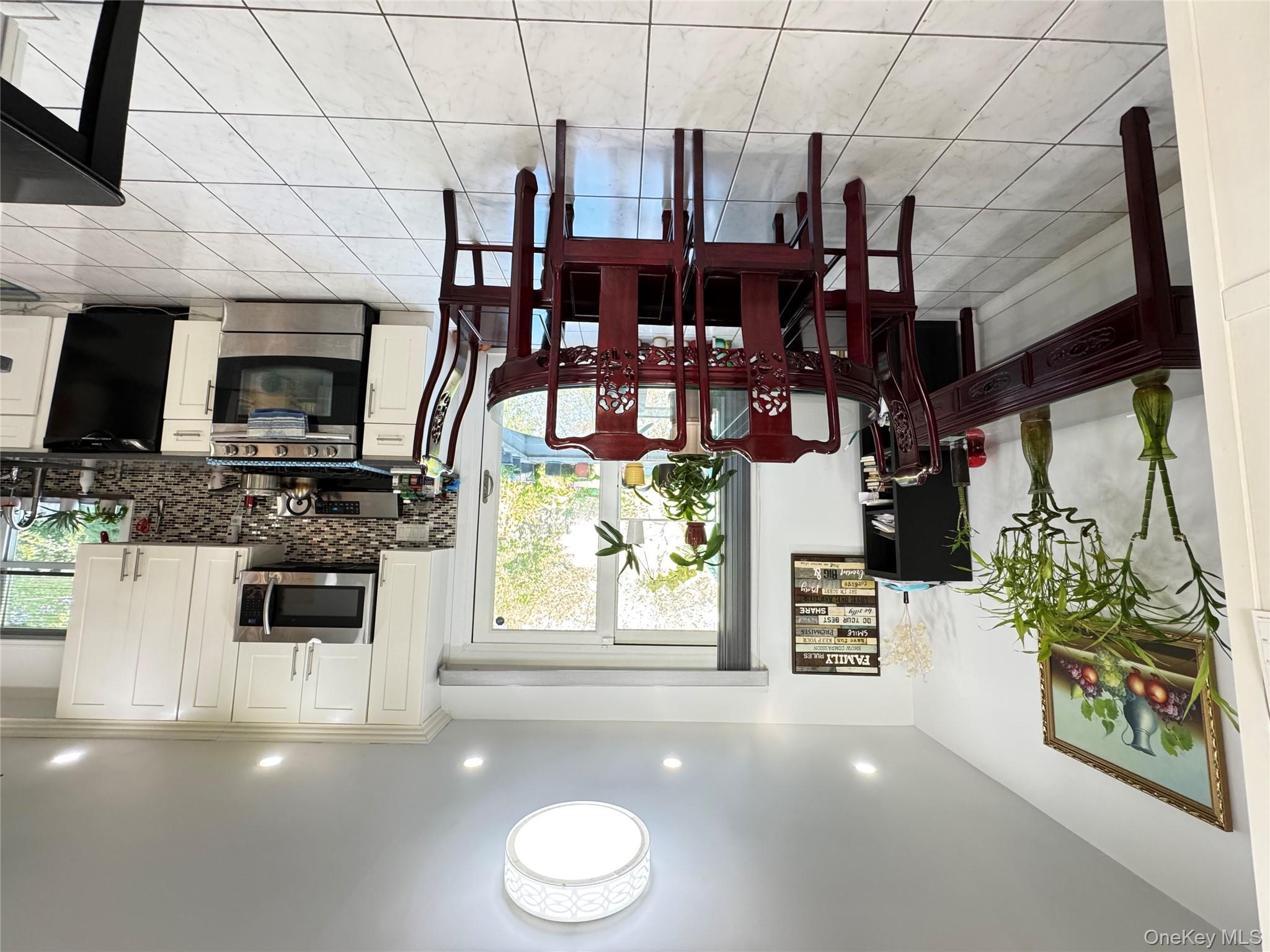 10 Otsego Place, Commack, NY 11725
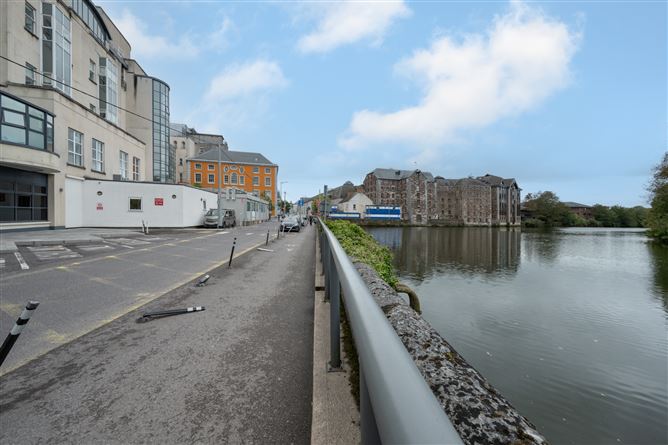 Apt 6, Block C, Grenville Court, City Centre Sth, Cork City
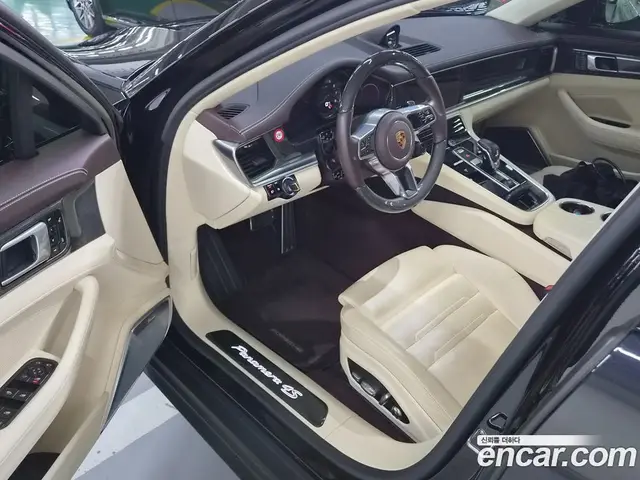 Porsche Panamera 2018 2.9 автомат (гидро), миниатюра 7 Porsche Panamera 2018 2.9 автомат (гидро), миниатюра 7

========================================================================

DIRECTIONS FOR THIS TASK: Take the listing above and print it exactly, apart from the pictures.

ANSWER FOR THIS EXERCISE:
 10 Otsego Place, Commack, NY 11725
 Apt 6, Block C, Grenville Court, City Centre Sth, Cork City
 Porsche Panamera 2018 2.9 автомат (гидро), миниатюра 7 Porsche Panamera 2018 2.9 автомат (гидро), миниатюра 7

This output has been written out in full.